Aku pikir tak apa, penghasilanku selain untuk berobat masih bisa kugunakan untuk makan sehari-hari. Aku ikhlas dan bertahan demi anakku. Aku sebagai seorang ibu, yang merasa berdosa kalo sampai anakku tidak makan. Alhamdulillah anakku tumbuh menjadi anak soleh dan penurut, bahkan dia melarangku memarahi ayahnya, "aku saja yang dimarahi, ma," katanya.

Watak suamiku yang pemalas, tidak pernah sholat, bahasanya kasar, ditambah pula dengan watak pemarah dari lahir.. Tiap hari aku dimaki dengan nama hewan. Sejak awal menikah, aku sering mengalami KDRT, sedang hamil pun aku ditendangnya. Berkali-kali aku dihajar, diseret dan kekerasan lain sampai tetangga tak terhitung melerai. Usia anak 2 tahun kutinggalkan dia ke luar negeri. Saat itu kusadari, jika faktor ekonomi yang dipermasalahkan tak kan ada habisnya. Tapi watak memang tak bisa diubah, sebelum aku kembali ke tanah air dia yang sudah bersumpah tak kan menyakitiku lagi, lebih parah. Berulang kali dia mencoba memerkosa istrinya sendiri.

Aku merasa trauma. Tidurku selalu dalam ketakutan. Kewajiban sebagai istri untuk melayani suami menjadi siksaan. Aku tak sanggup lagi. Setelah vonis penyakit gagal ginjal dan harus dipasang selang Carteter Double Lument di tubuhku, dia tak kuterima tidur bersamaku.

Aku sudah sakit, masih bekerja keras siang malam, membayar cicilan motor, buat makan, uang saku anak, biaya pengobatan... sementara dia yang sehari-hari kerjanya nglinting dan nonton tv, pekerjaan rumah saja aku bayar pembantu (pakai uangku tentu saja). Untuk hal hal yang umum dilakukan seorang suami, apalagi yang tak ada kerjaan seperti dia misal perbaiki pintu rusak, mengusir tikus dan lain-lain saja dia tak mau turun tangan... masih tega minta jatah. No way.

**"

Pagi ini, aku membuka mata mertuaku kelakuan anaknya.

Berawal dadi telepon bapakku, beliau dalam perjalanan pulang dari Jakarta. Subuh aku bangunkan dia untuk menjemput di pangkalan ojek. Tapi, dasar pemalas. Dia tidur lagi sementara Bapakku berkali-kali menelepon. Meledak amarahku.

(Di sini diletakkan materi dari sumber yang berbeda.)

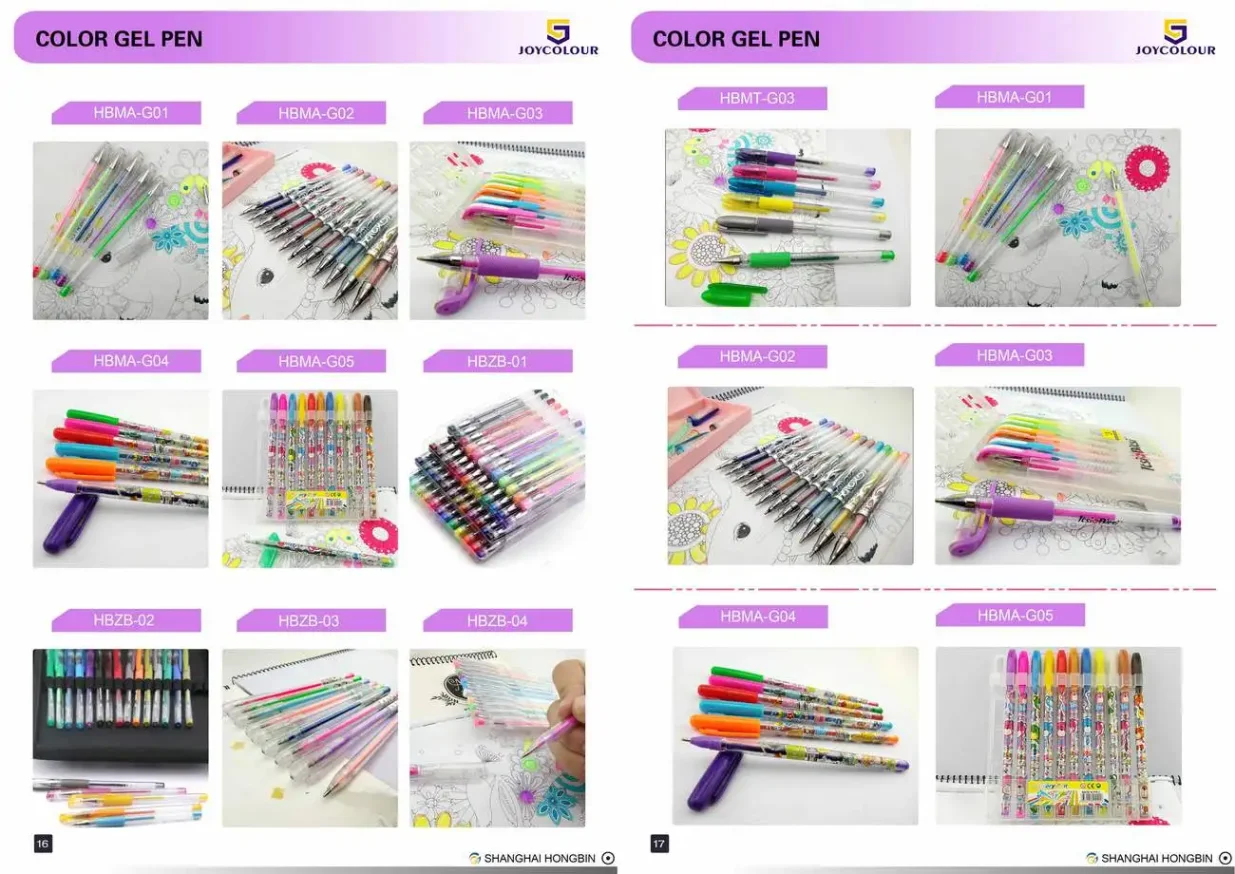 Art supplies including a set of colorful marker pens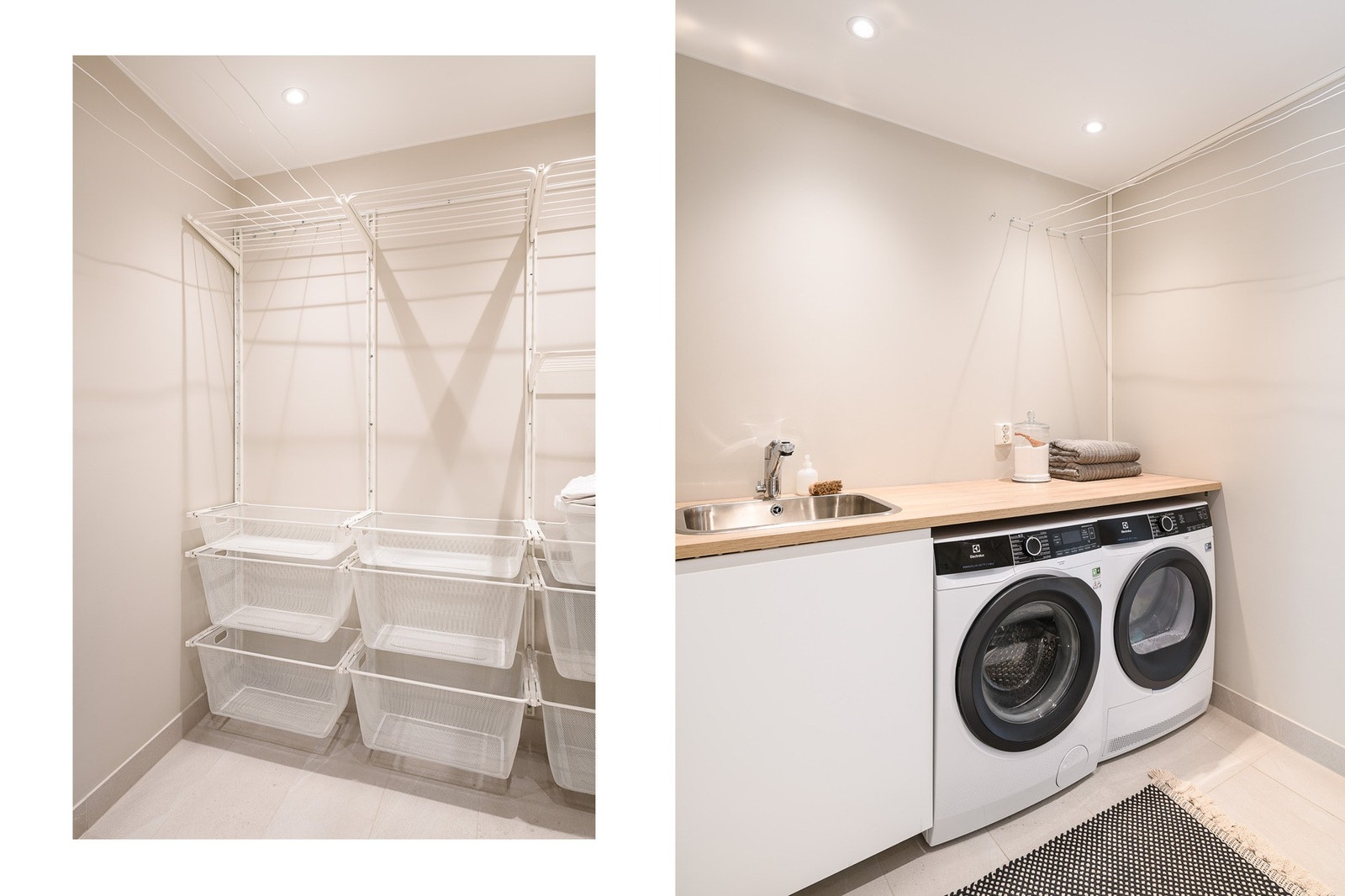 Stilrent og praktisk vaskerom, med varme i gulv og avtrekksvifte. Galleribilde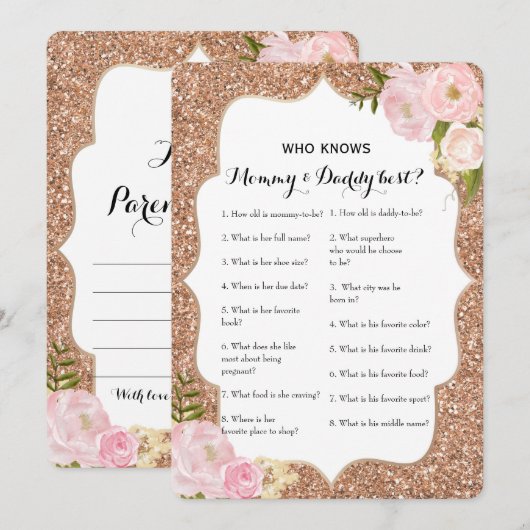 Invitation Double Side 2 Baby shower - Conseil| Qui sait (Devant / Derrière)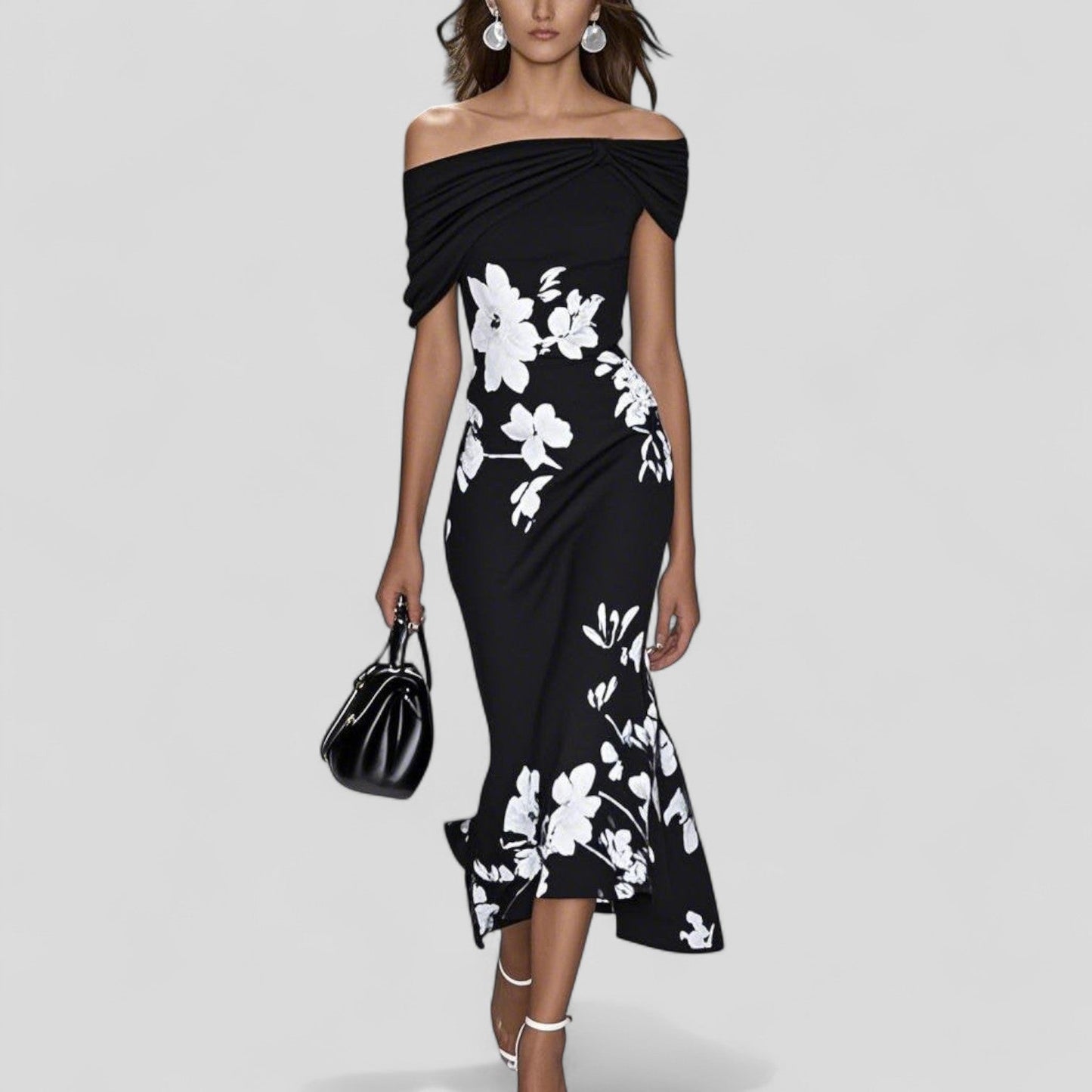 Women's Off-Shoulder Floral Midi Bodycon Dress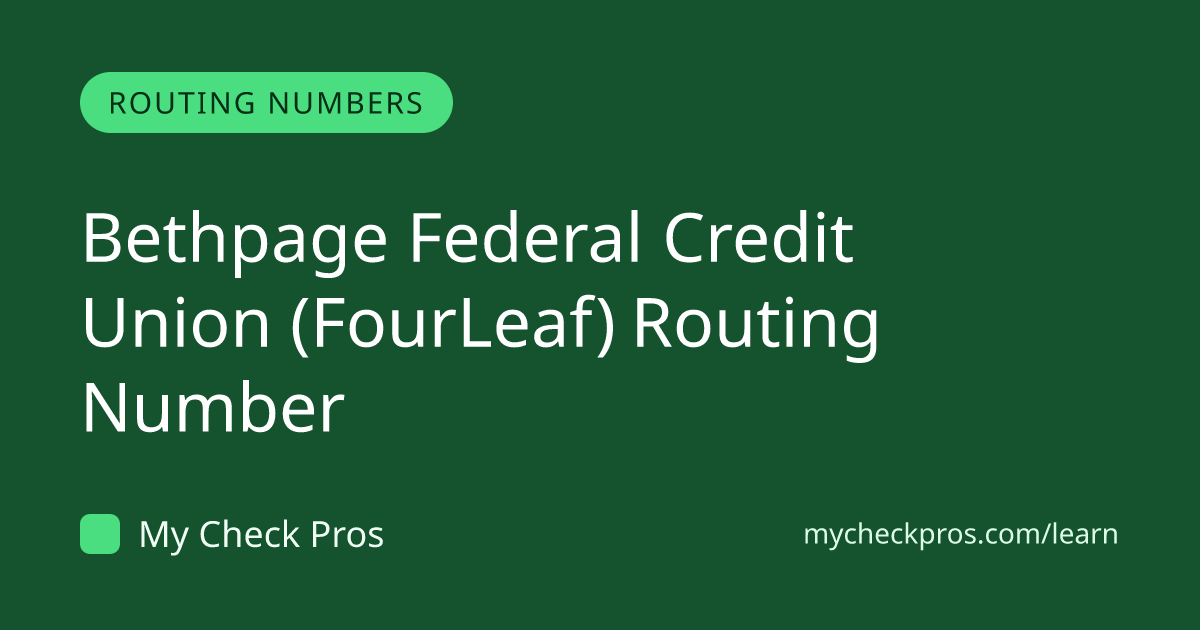 Bethpage Federal Credit Union (FourLeaf) Routing Number (2026 ...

Masih memakai mukena aku menangis dan ngomel, dia bukannya segera berangkat, dibalas kata-kataku, dihinanya aku, "orang kayak aku kok sholat."

Astaghfirullah...

Seharusnya dia malu sebagai laki-laki tak bertangungjawab, tak pernah kasih makan anak istri. Seharusnya dia berterima kasih walau dalam keadaan sakit, Hemoglobin(HB) berkali drop ke angka 5 tetap kupaksa kerja... Apapun kukerjakan, membatik siang malam, jaga stan cari keuntungan seribu dua ribu dari barang dagangan, rias pengantin ke rumah-rumah orang, pendampingan-pendampingan adalah pekerjaan melelahkan tidak cukup seharian. Semua ikhlas kukerjakan disela cuci darah senin kamis dan jadwal kontrol dokter yang antrinya bisa seharian, di sini maupun di Semarang.

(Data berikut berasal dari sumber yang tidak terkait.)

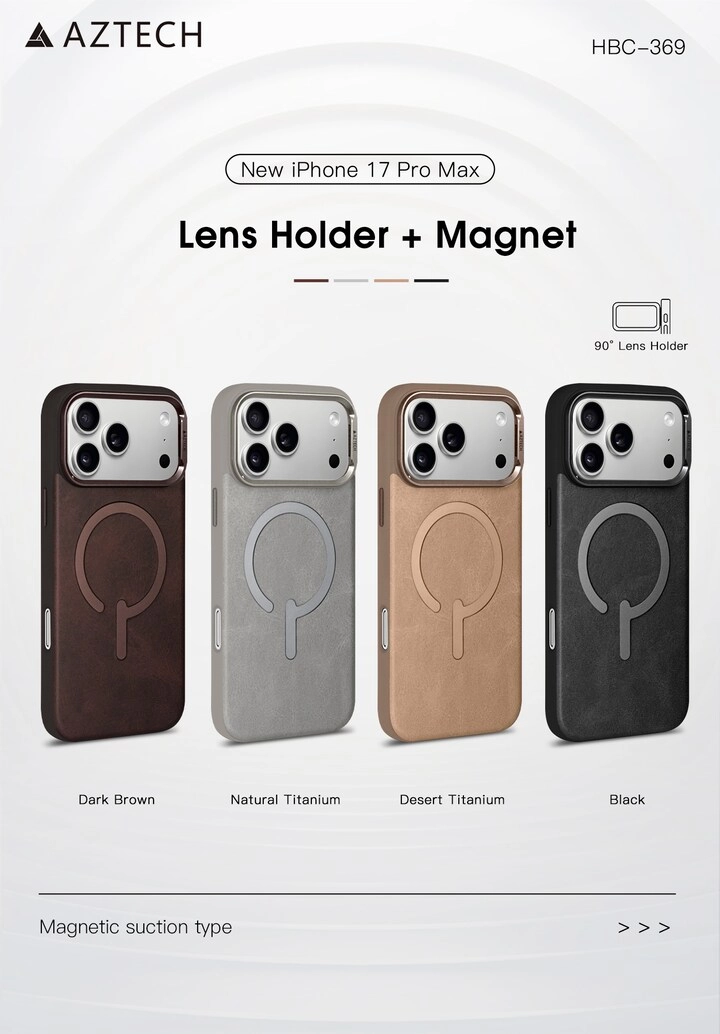 Premium Leather Case Full-Wrap Magnetic Cover with MagSafe for iPhone 17 Pro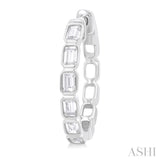 1 1/10 Ctw Bezel Set Emerald Cut Diamond Fashion Hoop Earring in 14K White Gold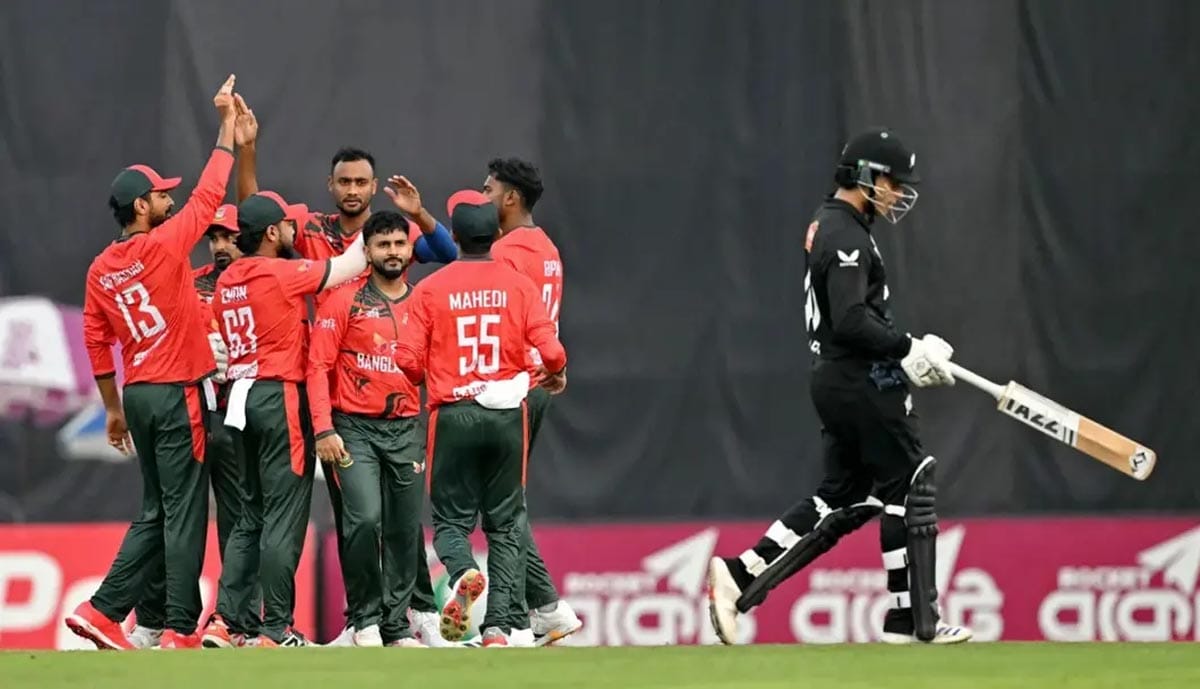 বাংলাদেশ-নিউজিল্যান্ড ম্যাচের দৃশ্য।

Sholat adalah caraku bersyukur masih diberi nyawa. Di atas sajadah aku minta rejekiku dilancarkan, di atas sajadah aku bermonolog pada Allah supaya barokah usiaku, di atas sajadah aku meminta kesembuhan atas penyakitku, kesembuhan tanpa meninggalkan penderitaan. Di atas sajadah aku doakan ayah ibuku, suami dan anakku. Tak putus doaku agar aku mampu melampaui segala ujian yang diberikan padaku.

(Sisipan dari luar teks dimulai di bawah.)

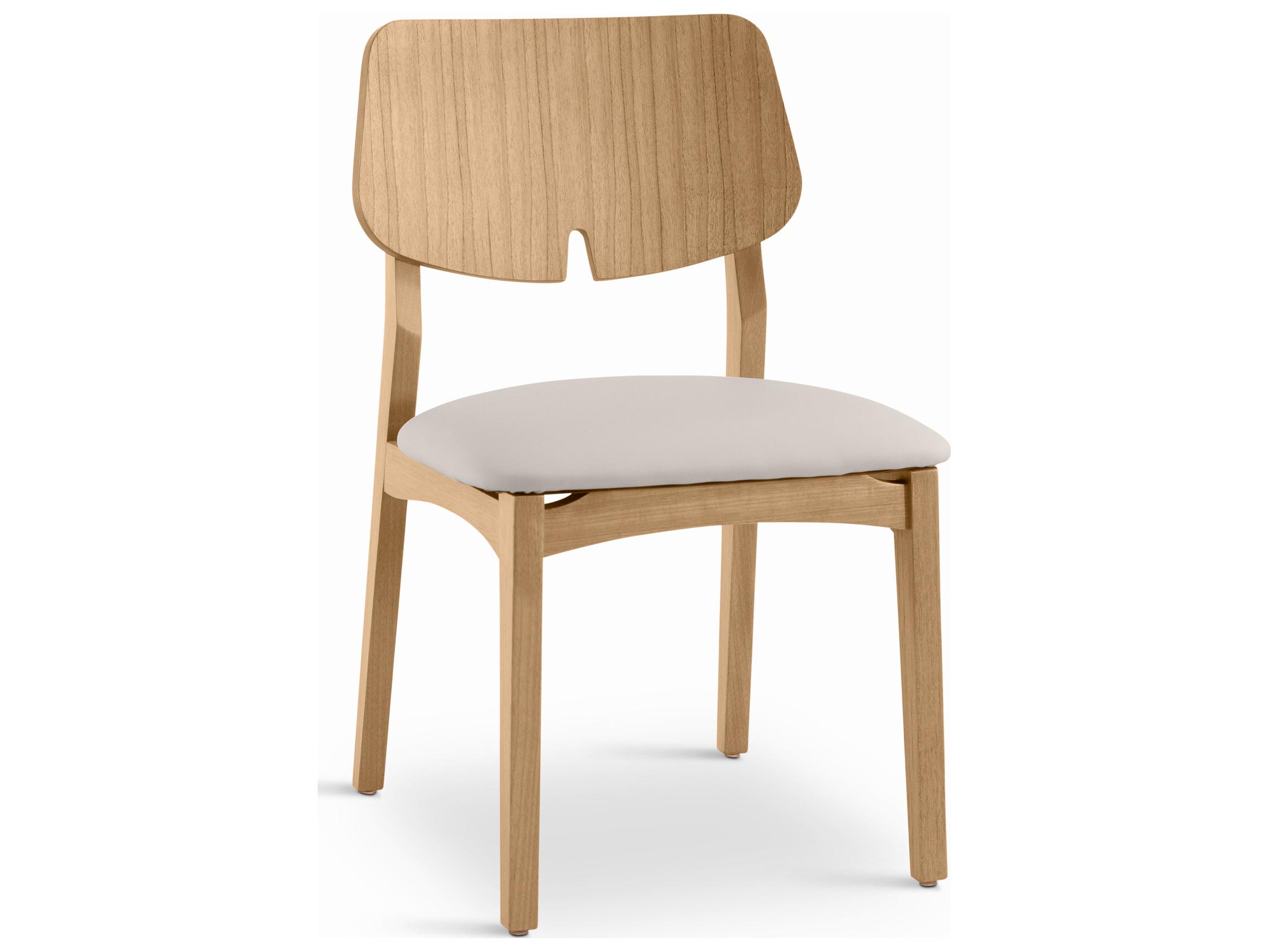Urbia Modern Brazilian Solid Wood Beige Upholstered Armless Dining Chair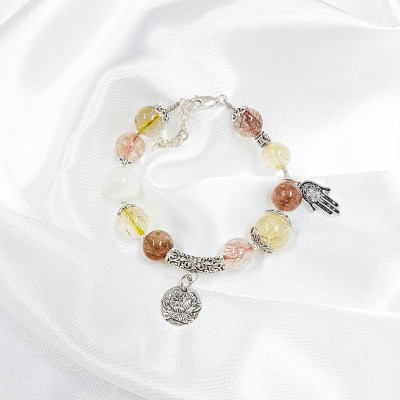 Vòng tay mệnh Thổ , Kim đá thạch anh tóc kết hợp charm hoa sen bạc LAT.113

Hidupku diuji, pekerjaanku diuji, kesabaranku diuji, kekuatanku diuji.

Aku lelah... Aku menahan diri. Tapi pagi ini tumpah air mataku.

Disela teriakan-teriakan kami adu mulut, baru kali ini mertuaku datang dan melerai. Di masa lalu, selalu aku yang salah karena tidak menjadi ibu rumah tangga yang selalu ada di rumah. Aku sadar aku sibuk, semua karena kebutuhan keluarga tidak mampu diusahakan oleh suamiku. Percayalah, jika bukan aku yang menyediakan makanan di rumah, maka tak ada makanan.

Sekarang dia tahu macam apa anaknya.